Gardner even shared the chipmaker’s plan to put more of its new assembly and advanced packaging services in New Mexico. In comparison, most of TSMC’s chip-making facilities are in Taiwan, though the company does have some facilities and offices in the US, Europe and elsewhere in Asia.

“Our first key solution as an Intel Foundry Services group is the open system foundry, which means letting customers pick and choose services. The foundation of it is really about secure supply—both from a geodiversity and Western R&D [basis],” he added.

Garner even shared that Intel plans to transition to glass substrate materials, which are stiffer than the current technology and could enable better chip features. As for the packaging technology, co-packaged optics, it is expected to go into production at the end of next year and offers higher bandwidth connections to chips.

Overall, the briefing reflected Intel executives’ optimism about the company’s future chip packaging technologies roadmap, enabling incoming chips to perform better at a lower cost. Gardner, even Intel Foundry Services, is willing to let customers use a subset of their services—even if it means they use other foundries for chipmaking and just use Intel for testing or assembly.

It will be challenging for Intel to penetrate and increase its share of the market. TrendForce data shows that TSMC has about 59% market share of the third-party chip manufacturing business, followed by Samsung at 16%. Intel’s share is minimal as it only recently started ramping up its foundry services to external customers.

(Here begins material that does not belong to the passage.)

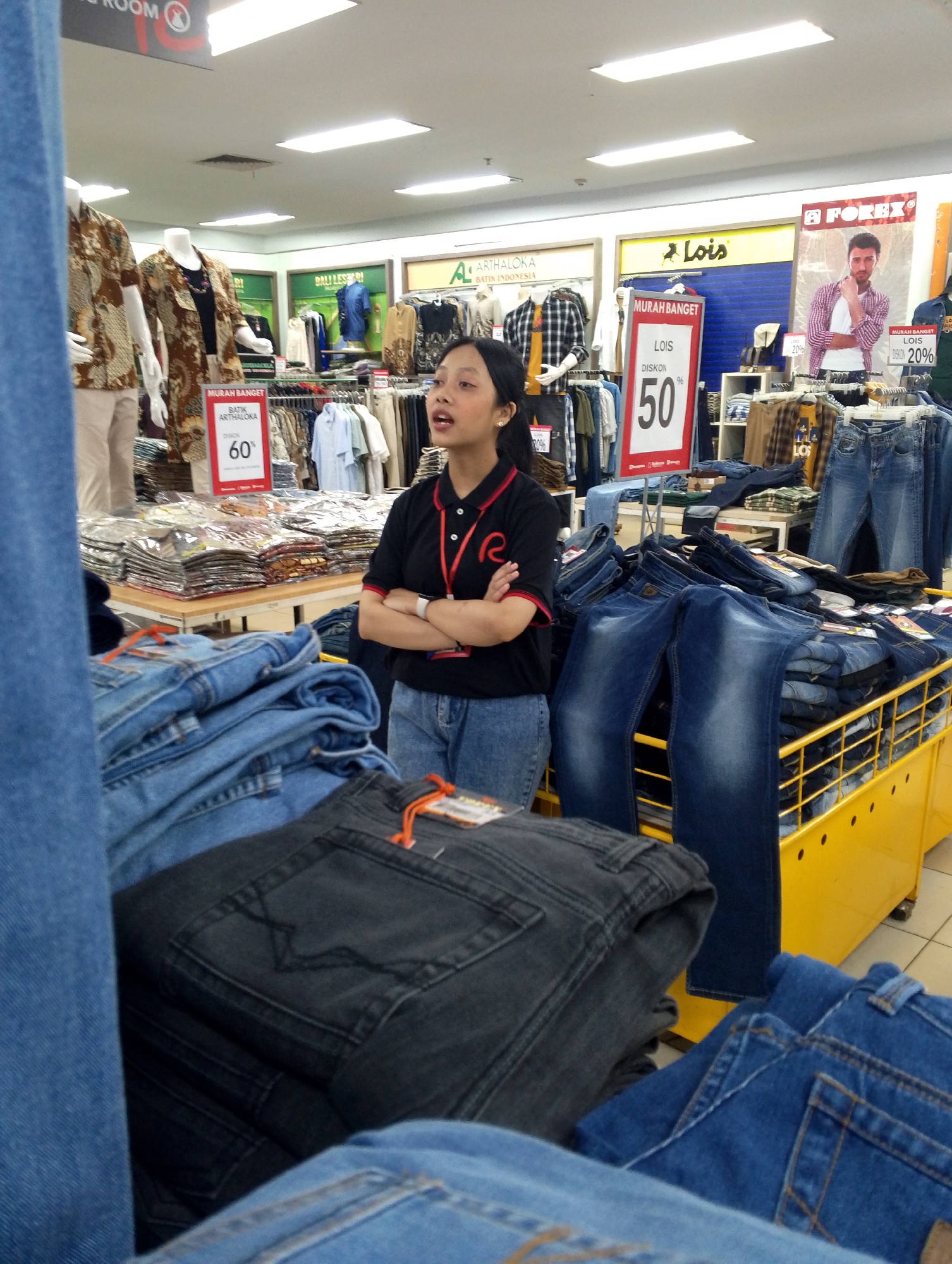 The image depicts the interior of a clothing store in Batam, Indonesia, likely a department store or a large retail chain. In the foreground, stacks of folded jeans, primarily denim blue and a dark charcoal grey, are displayed on a yellow retail fixture. A woman, an employee with dark hair and a black polo shirt with a red collar and a red lanyard, stands with her arms crossed, looking upwards and speaking. Behind her, various clothing racks are visible, displaying shirts and pants. Signs advertising discounts are prominently displayed, including a red sign with "60%" and another with "50%" for the brand "LOIS". A large poster featuring a male model wearing a plaid shirt and jeans for the brand "FOREVER" is also visible in the background, as are mannequins dressed in batik-patterned shirts. The lighting suggests an indoor commercial setting.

Intel had for years focused on making chips for its own use, so the venture into the foundry business marked a significant strategy shift for the company. Yet, Intel seemed unperturbed by the competition within the space, being more focused on restoring its lead in the process race. So far, Intel has attracted Qualcomm and cloud service provider AWS, its first major customers, to use its production platforms.